- _PROBLEM DETAILS_: The required output is an exact restatement of the lines, starting with the one that contains "Peerless Battle Spirit chapter 648 page 9" and finishing with the last line of the listing. It contains no pictures.

- _RECORDS TO USE_:
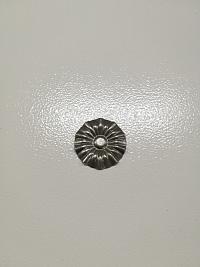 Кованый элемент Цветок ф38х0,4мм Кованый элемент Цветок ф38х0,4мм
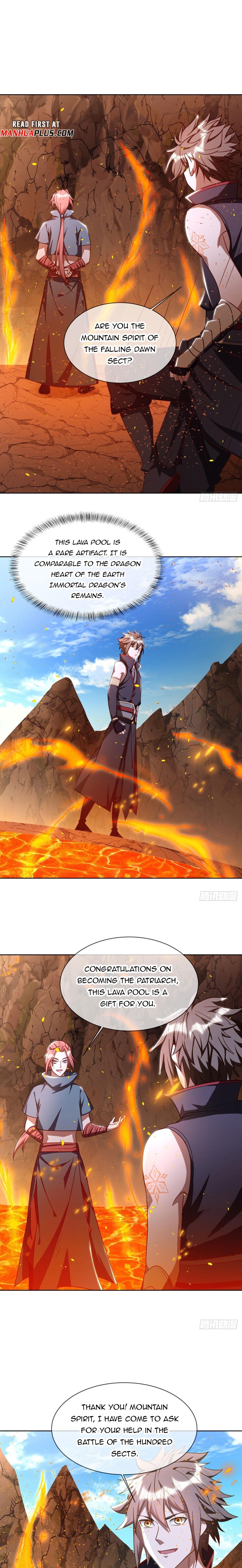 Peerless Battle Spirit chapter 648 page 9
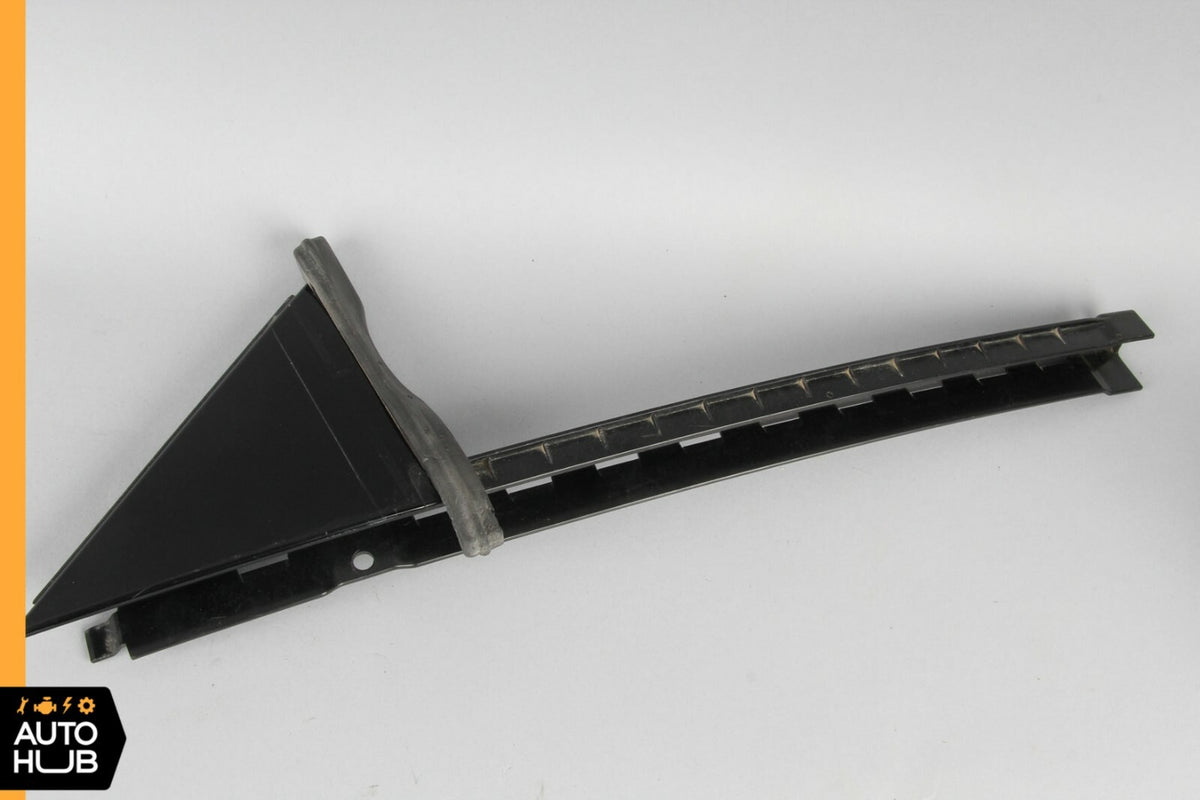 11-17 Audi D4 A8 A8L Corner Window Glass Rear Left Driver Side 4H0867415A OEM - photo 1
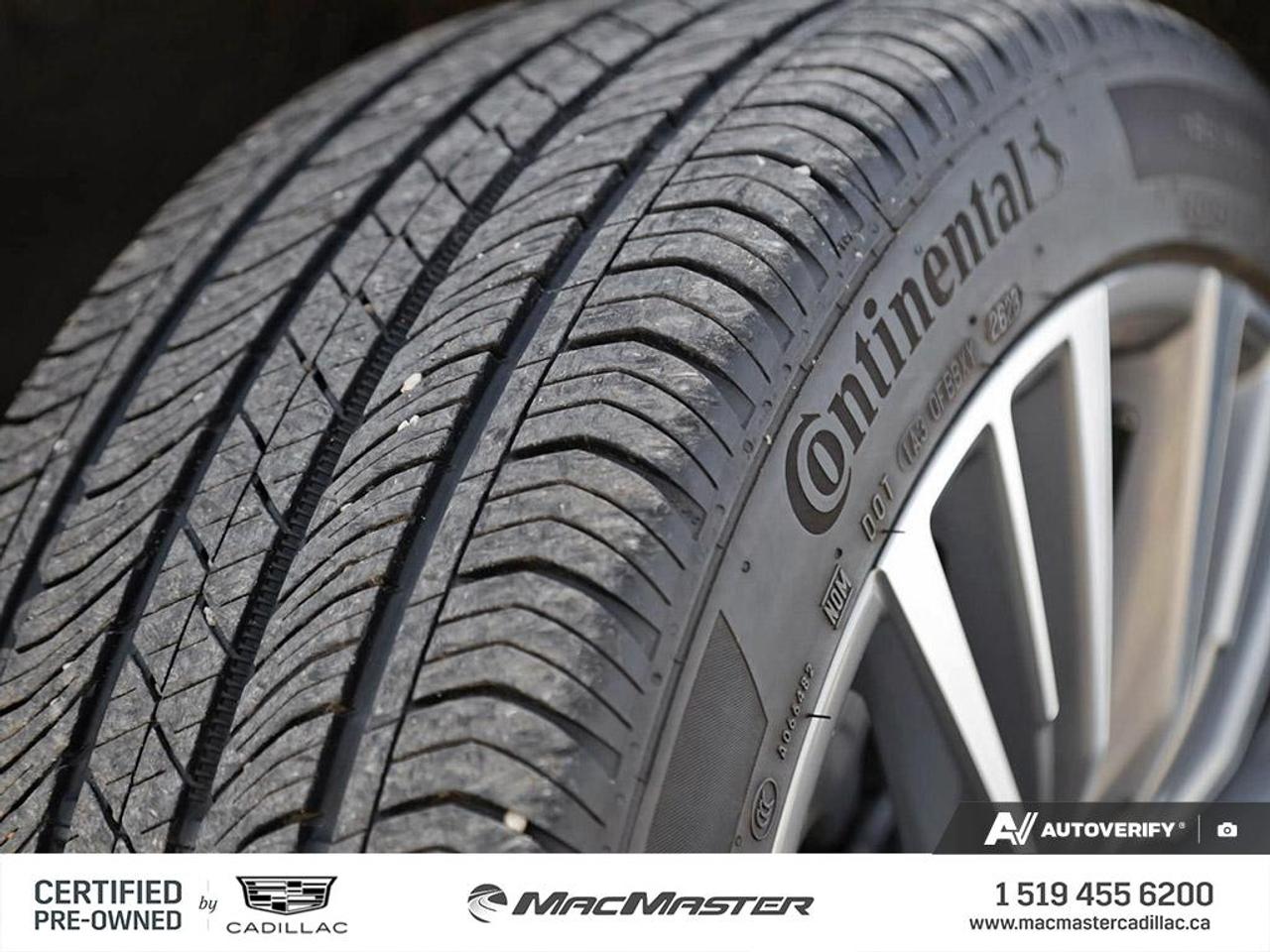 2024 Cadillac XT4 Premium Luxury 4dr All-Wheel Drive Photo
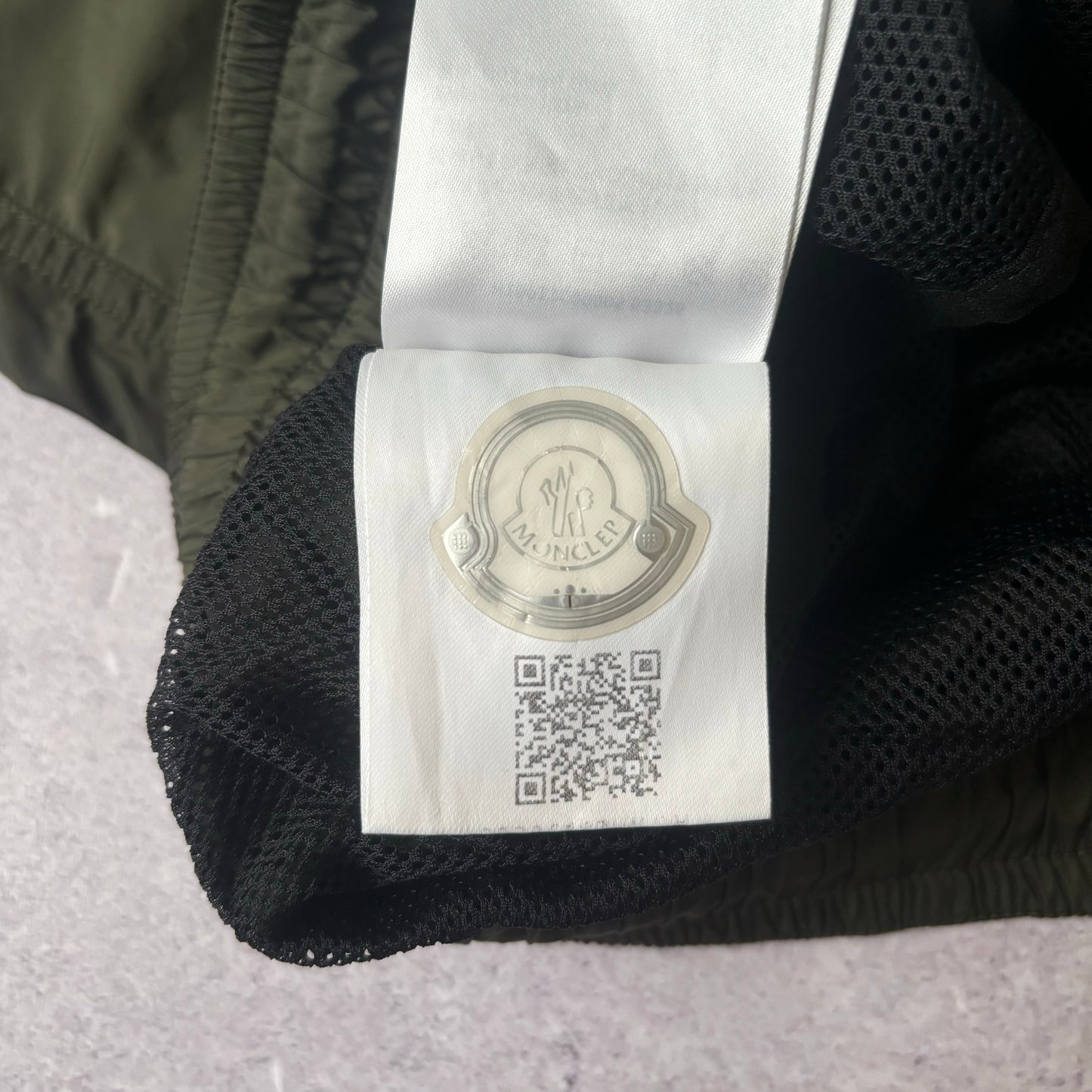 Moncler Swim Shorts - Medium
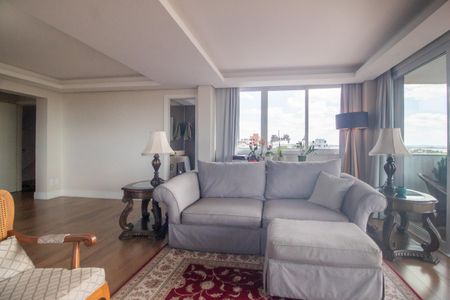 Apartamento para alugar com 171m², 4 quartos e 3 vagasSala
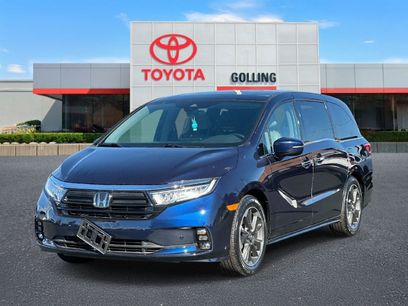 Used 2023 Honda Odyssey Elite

- _RESULT BELOW_:
 Peerless Battle Spirit chapter 648 page 9
 11-17 Audi D4 A8 A8L Corner Window Glass Rear Left Driver Side 4H0867415A OEM - photo 1
 2024 Cadillac XT4 Premium Luxury 4dr All-Wheel Drive Photo
 Moncler Swim Shorts - Medium
 Apartamento para alugar com 171m², 4 quartos e 3 vagasSala
 Used 2023 Honda Odyssey Elite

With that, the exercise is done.